Only the lines from the line with "Hi everyone, my" through the end of the records belong in your reply, copied exactly, with every picture left out.

# # # # # # #

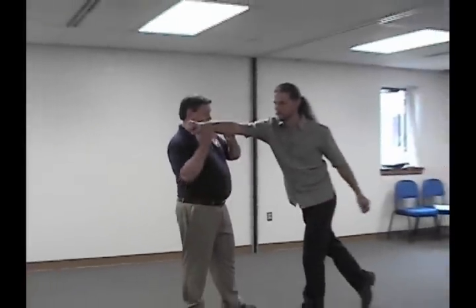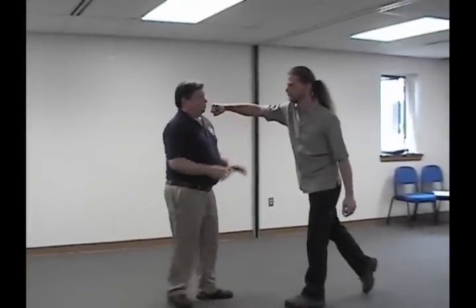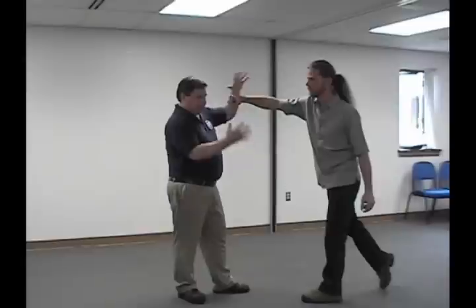The basic unit of movement in any of this, the whole curriculum, is we're looking for a gross motor response to violence. So if Willis punches me in the face, what's attacking me is not his hand — it's his body, it's his whole self.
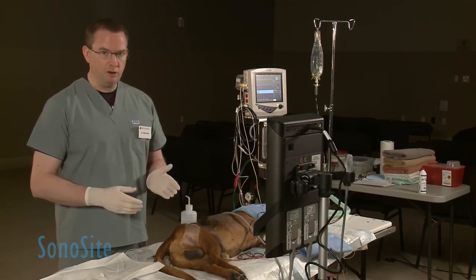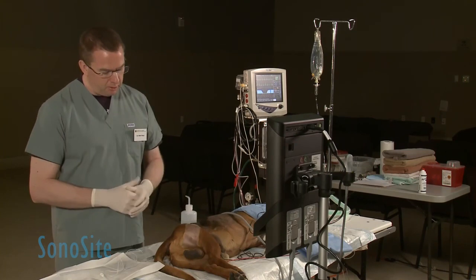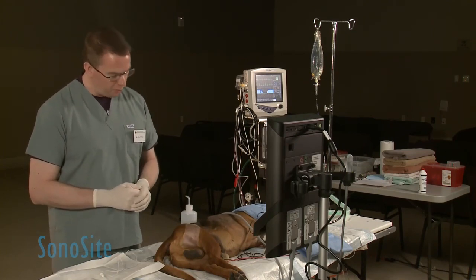We've already done a sterile prep — three different scrubs of chlorhexidine and a final prep of alcohol at this point.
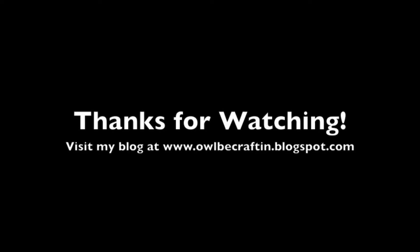There is my finished card. Thanks so much for watching. Bye!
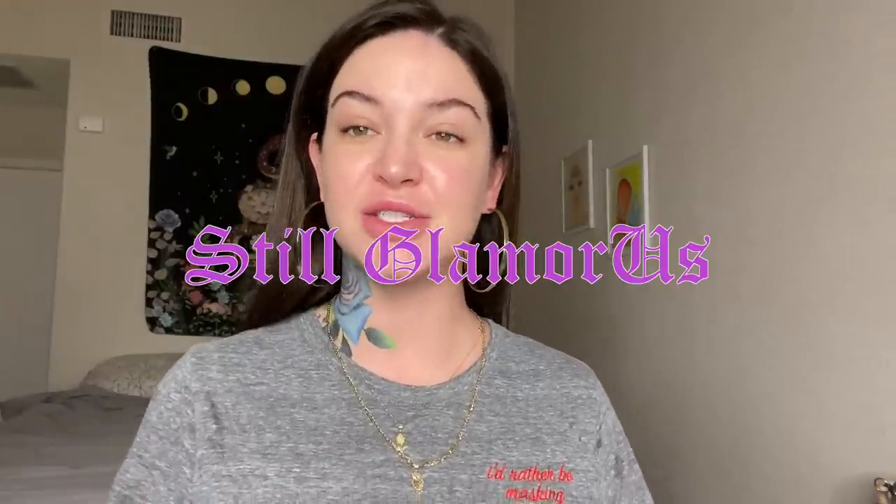Hello and welcome back to my channel. Today I'm going to sit down and do my makeup with you.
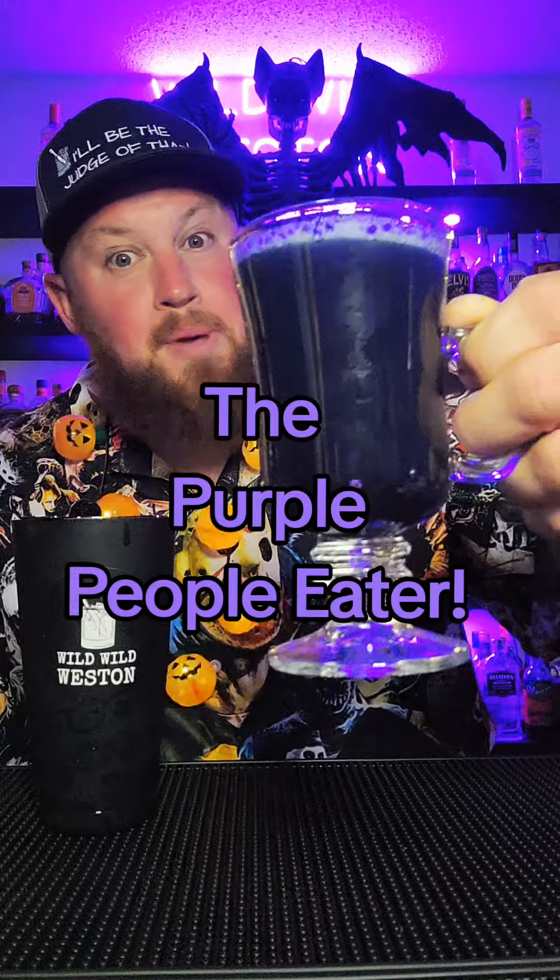Alright, let's make another Halloween shot, shall we? This one's called the Purple People Eater.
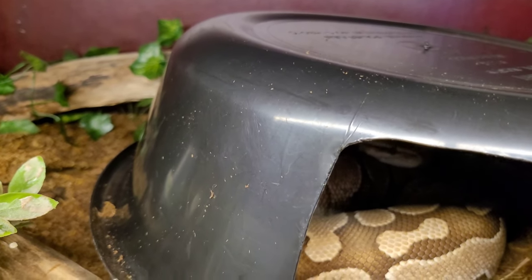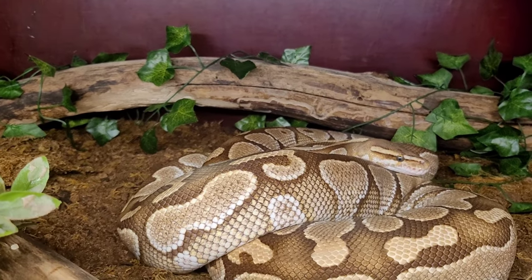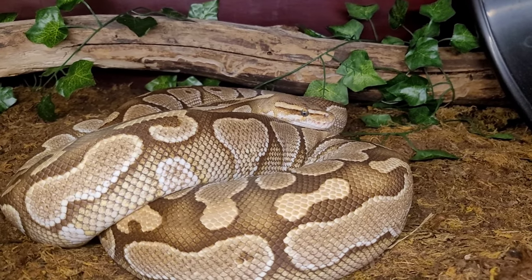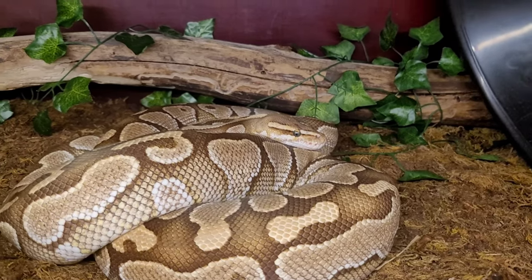I totally forgot to tell you guys — she shedded out last night. That is why I know she's going to lay eggs within the next month. She has done her pre-lay shed and all of that. So now there's just a waiting game.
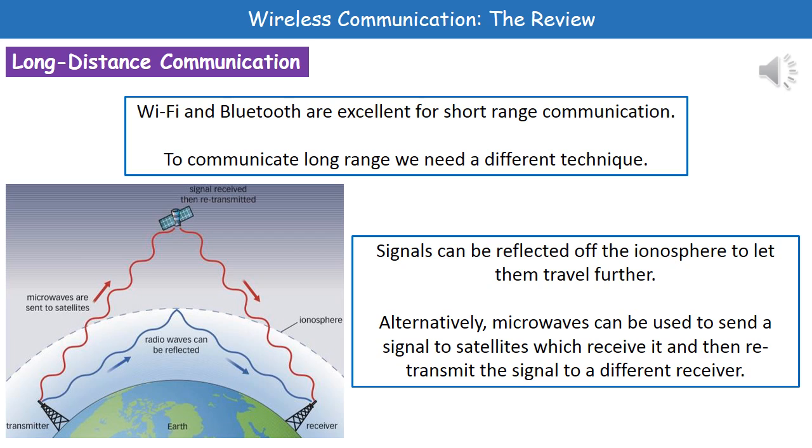Wi-Fi and Bluetooth are excellent for short-range communication. If we want to communicate over a long range, we need a slightly different technique. One option is to use part of the atmosphere called the ionosphere to reflect our radio waves. As shown in the diagram, the transmitter sends a radio wave into the ionosphere, where it's reflected back to a receiver further around — this is how we transmit information over long distances where the curvature of the earth would otherwise affect it.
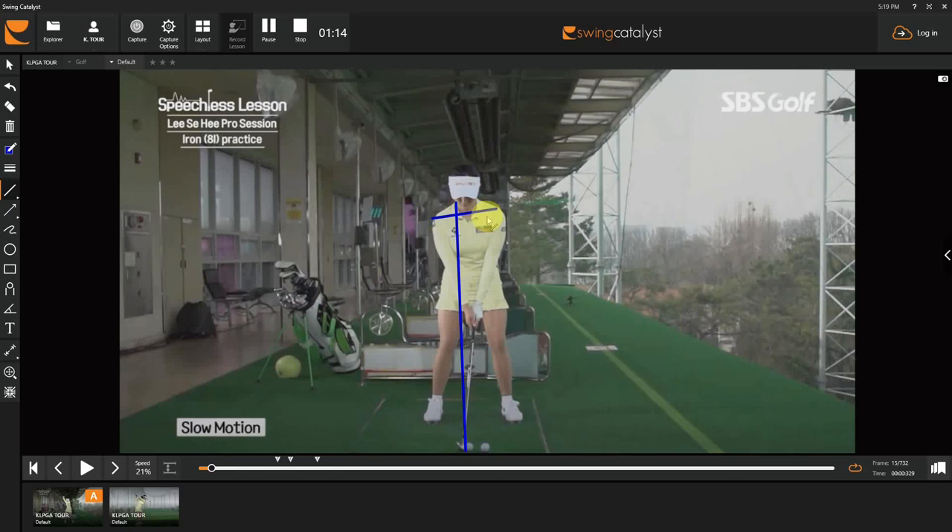Shoulders have a very slight tilt, so we can assume her spine is pretty much vertical. That's about all we need to study from the setup. I'm going to put a couple of lines on the hips to mark where she is at address and outline the head as well, and we'll watch her go to work.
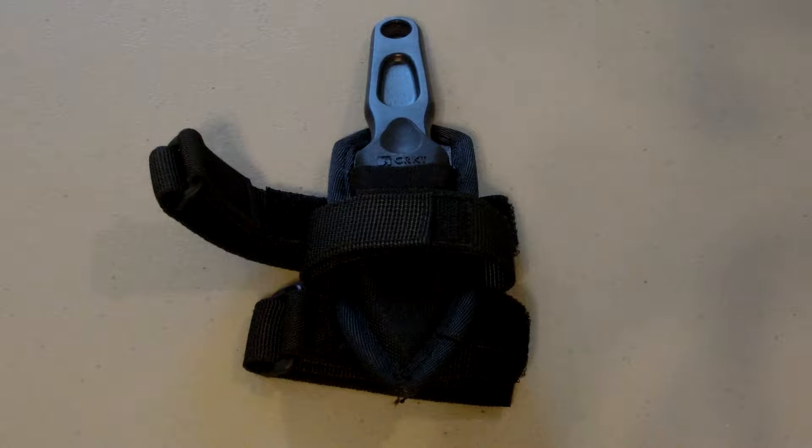Hey guys, SC Survival and Hunting here. Today we're doing another tabletop review of a pretty darn cool knife. This is a self-defense boot knife by CRKT. And yes I know what CRKT is — sometimes I say cricket, but I know it stands for Columbia River Knife and Tool guys.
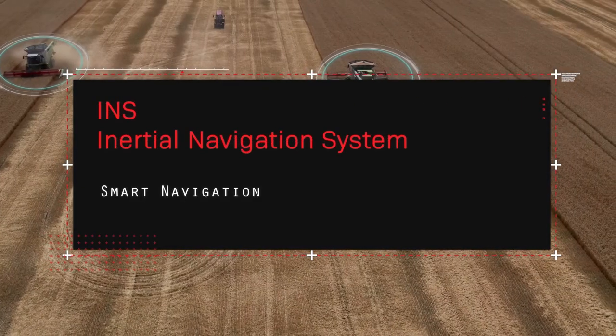The next step up from an IMU is an AHRS, which stands for Attitude Heading Reference System. It does actually include GPS, but while it doesn't include a Kalman filter, it gives you all the benefits of the IMU plus a GPS position. An AHRS is a good fit for people who already have a filter they've designed or incorporated and just want more sensor data fed into it.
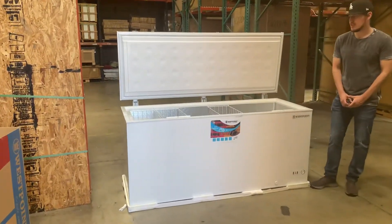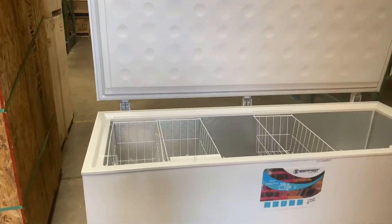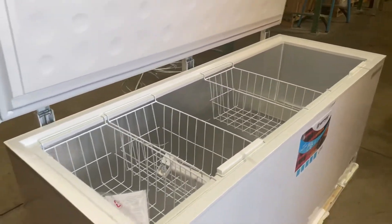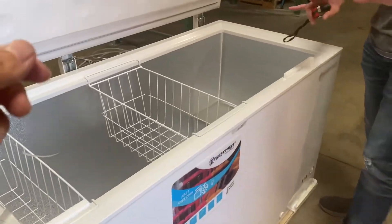Hello everybody, today we're going to go ahead and demonstrate one of our brand new items. You're going to be looking at our 19 cubic feet chest freezer — length of the unit is 71 inches. Let's go ahead and give you the overall exterior dimensions before we get started.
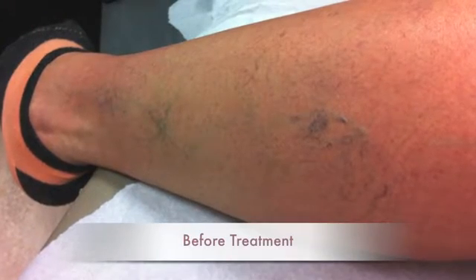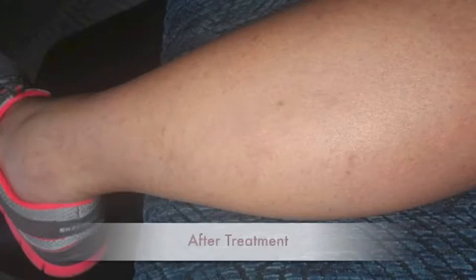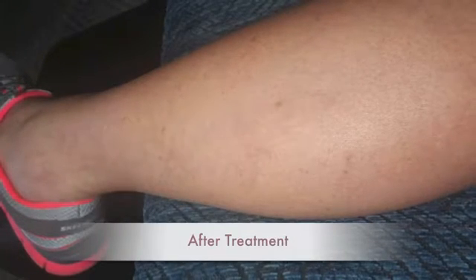I'm a nurse practitioner here at Vascular Specialists of Central Florida. I'm also a sclerotherapist — I perform sclerotherapy for the practice. Sclerotherapy is a safe and simple procedure that can result in fading of cosmetically concerning spider veins. It can be performed on the legs, arms, chest, and various other locations where you have cosmetically concerning spider veins.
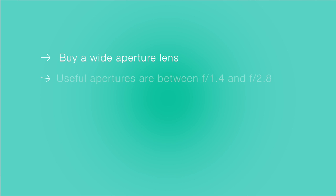Any lens that can open to an f-stop between 1.4 and 2.8 will let in much more light and make things easier for you when shooting in a venue that doesn't have a huge lighting setup.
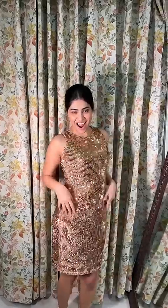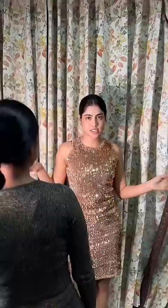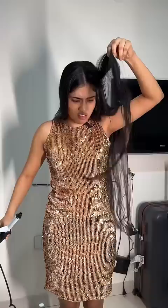Hi everyone, my sister and I are getting ready for a party — this is what I am wearing and this is what she is wearing. We thought we'd curl our hair for this look, but our curler decided to wrong us at the 11th hour. Now we are left with no option, but I am not going to this party with straight hair, so I started researching and I found this hack.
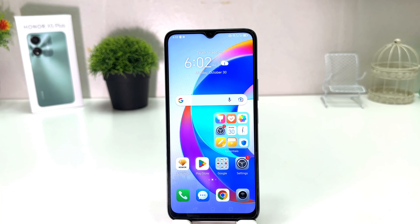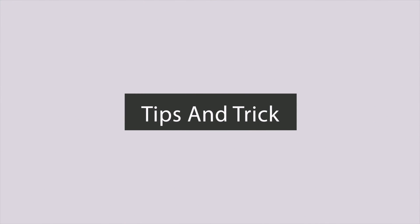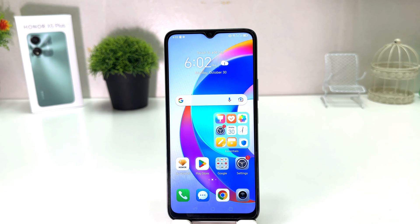Hello and welcome back to my another tutorial. In this tutorial, I am going to share with you how to take a screenshot in your Honor XY Plus. You might have recently bought this Honor XY Plus and you are wondering how to take a screenshot.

# # # # # # #

§ **Answer section**
Hi everyone, my sister and I are getting ready for a party — this is what I am wearing and this is what she is wearing. We thought we'd curl our hair for this look, but our curler decided to wrong us at the 11th hour. Now we are left with no option, but I am not going to this party with straight hair, so I started researching and I found this hack.
Hello and welcome back to my another tutorial. In this tutorial, I am going to share with you how to take a screenshot in your Honor XY Plus. You might have recently bought this Honor XY Plus and you are wondering how to take a screenshot.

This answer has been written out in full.